Deploy the Stored Contract Into a Sub-Account

create_factory_subaccount_and_deploy will create a sub-account of the factory and deploy the stored contract on it.

near call <factory-account> create_factory_subaccount_and_deploy '{ "name": "sub", "beneficiary": "<account-to-be-beneficiary>"}' --deposit 1.24 --accountId <account-id> --gas 300000000000000

This will create the sub.<factory-account>, which will have a donation contract deployed on it:

near view sub.<factory-account> get_beneficiary
# expected response is: <account-to-be-beneficiary>

Update the Stored Contract

update_stored_contract enables to change the compiled contract that the factory stores.

The method is interesting because it has no declared parameters, and yet it takes an input: the new contract to store as a stream of bytes.

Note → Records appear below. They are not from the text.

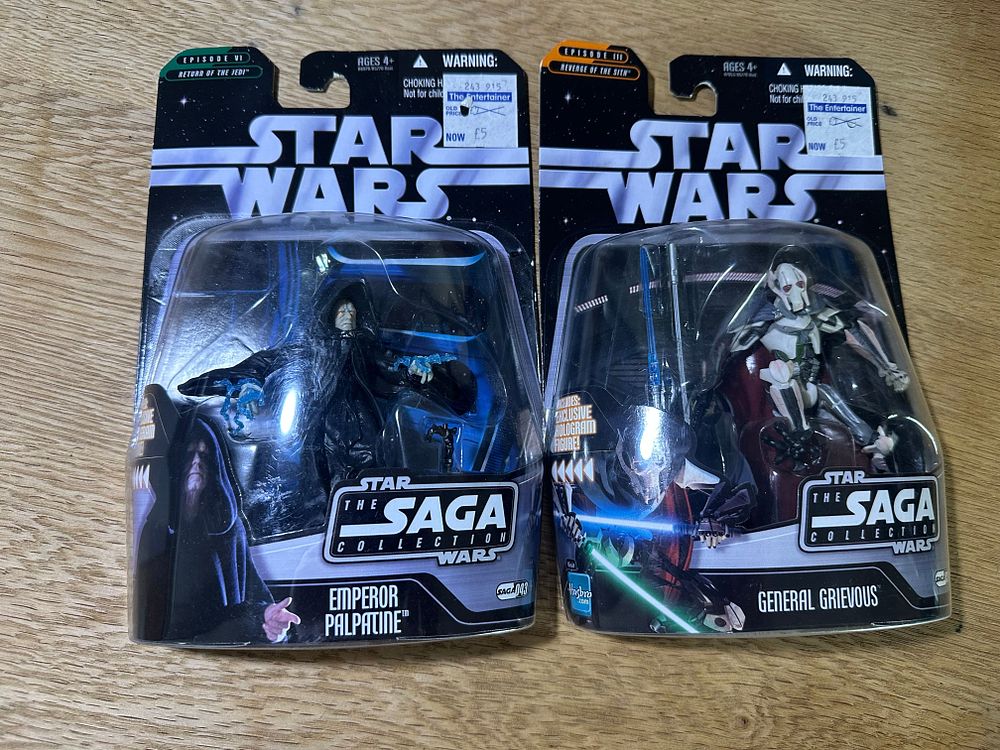 Lot 210: A Pair of Hasbro Star Wars The Saga Collection Action Figures, 2006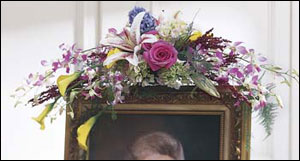 FTD The Face We Love Picture Frame Spray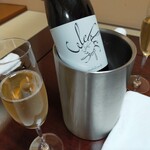 土湯別邸 里の湯 - 母の日にサービスして頂いたシャンパン（ノンアルコール）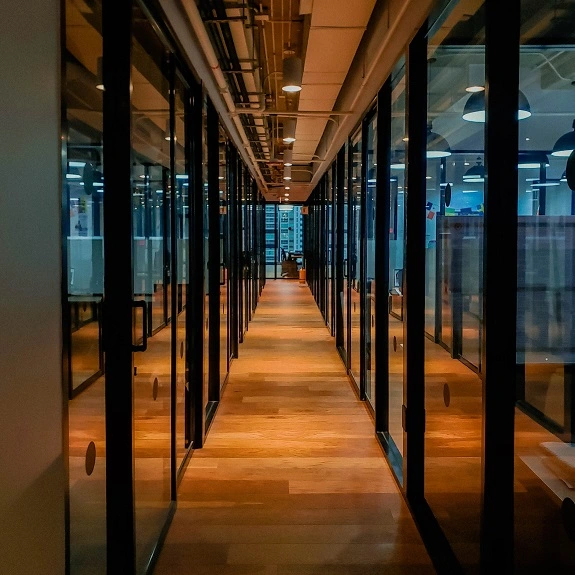 فيلم نافذة تجاري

To use it, we need to transform the contract we want to store into its base64 representation, and pass the result as input to the method:

# Use near-cli to update stored contract
export BYTES=`cat ./src/to/new-contract/contract.wasm | base64`
near call <factory-account> update_stored_contract "$BYTES" --base64 --accountId <factory-account> --gas 30000000000000

This works because the arguments of a call can be either a JSON object or a String Buffer

Factories - Explanations & Limitations

Factories are an interesting concept, here we further explain some of their implementation aspects, as well as their limitations.

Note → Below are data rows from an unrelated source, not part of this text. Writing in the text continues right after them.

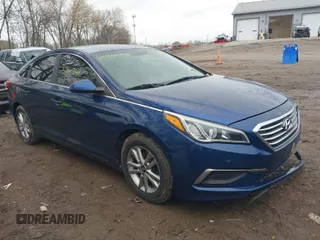 2017 Hyundai Sonata SE with VIN 5NPE24AF9HH551603, listed as a IAAI auction lot 40861742 with 122,356 mi miles. Bid and sale history available at carsss.com. Image 1.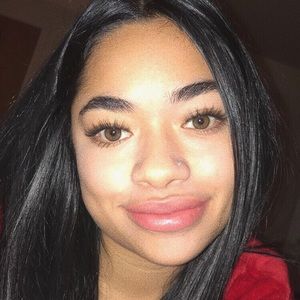 Meet your Posher, Naomy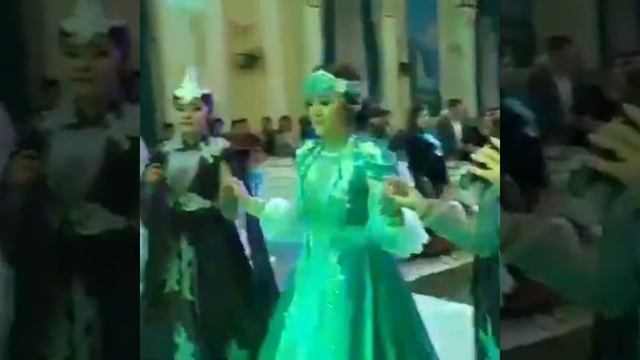 Жеңге болып келініме сырға салдым 🥳🎉 #сырғасалу #қыз_ұзату #узатутой смотреть онлайн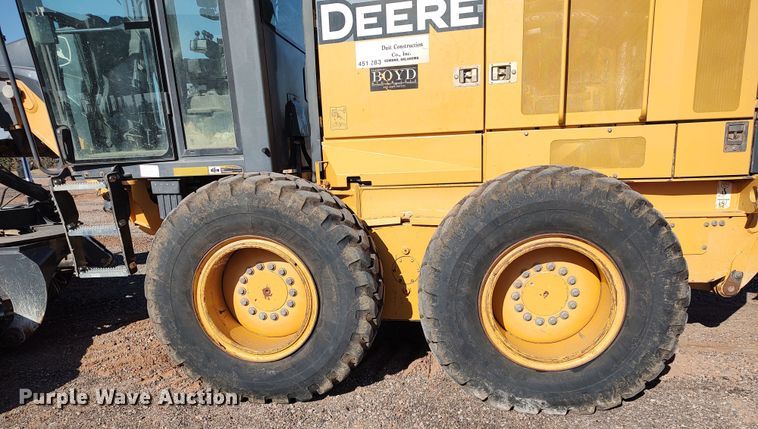 image for item DR6774 2012 John Deere 672G  motor grader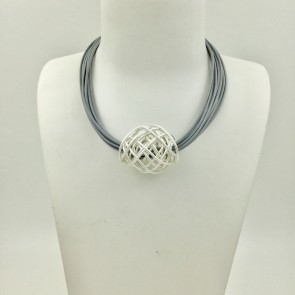 Silver Coloured Necklace with Magnetic Fastening (G452) | Silver Jewellery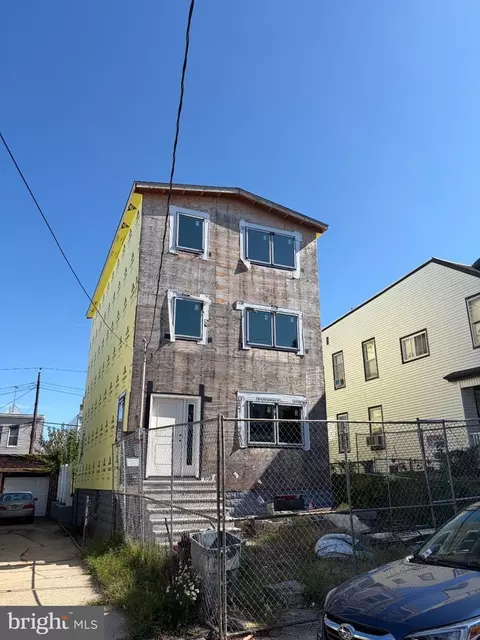 296 Armstrong Ave, Jersey City, NJ 07305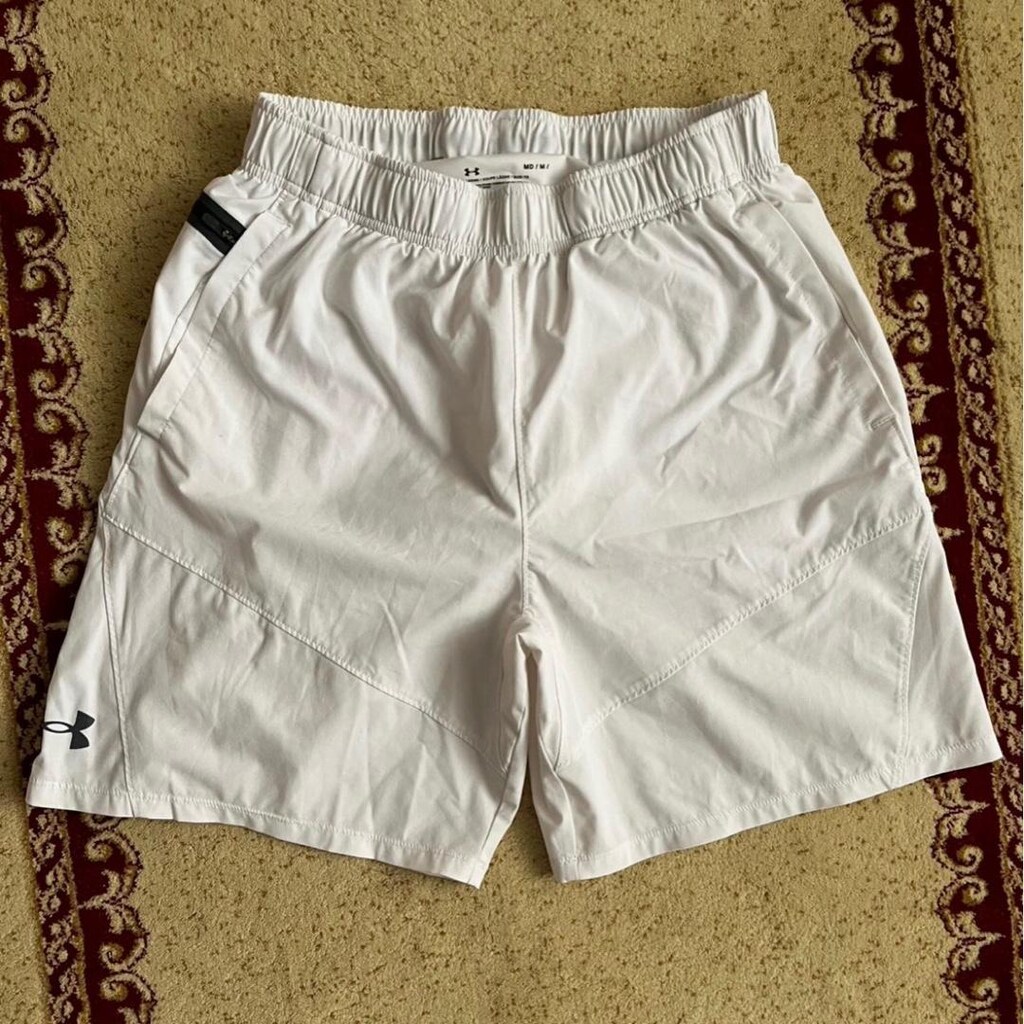 UNDER ARMOUR ŞORT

Automatically Creating Accounts

NEAR accounts can only create sub-accounts of themselves, therefore, the factory can only create and deploy contracts on its own sub-accounts.

This means that the factory:

  1. Can create sub.factory.testnet and deploy a contract on it.
  2. Cannot create sub-accounts of the predecessor.
  3. Can create new accounts (e.g. account.testnet), but cannot deploy contracts on them.

It is important to remember that, while factory.testnet can create sub.factory.testnet, it has no control over it after its creation.

The Update Method

The update_stored_contracts has a very short implementation:

#[private]
    pub fn update_stored_contract(&mut self) {
        self.code.set(env::input());
    }

On first sight it looks like the method takes no input parameters, but we can see that its only line of code reads from env::input(). What is happening here is that update_stored_contract bypasses the step of deserializing the input.

You could implement update_stored_contract(&mut self, new_code: Vec<u8>), which takes the compiled code to store as a Vec<u8>, but that would trigger the contract to:

  1. Deserialize the new_code variable from the input.
  2. Sanitize it, making sure it is correctly built.

When dealing with big streams of input data (as is the compiled wasm file to be stored), this process of deserializing/checking the input ends up consuming the whole GAS for the transaction.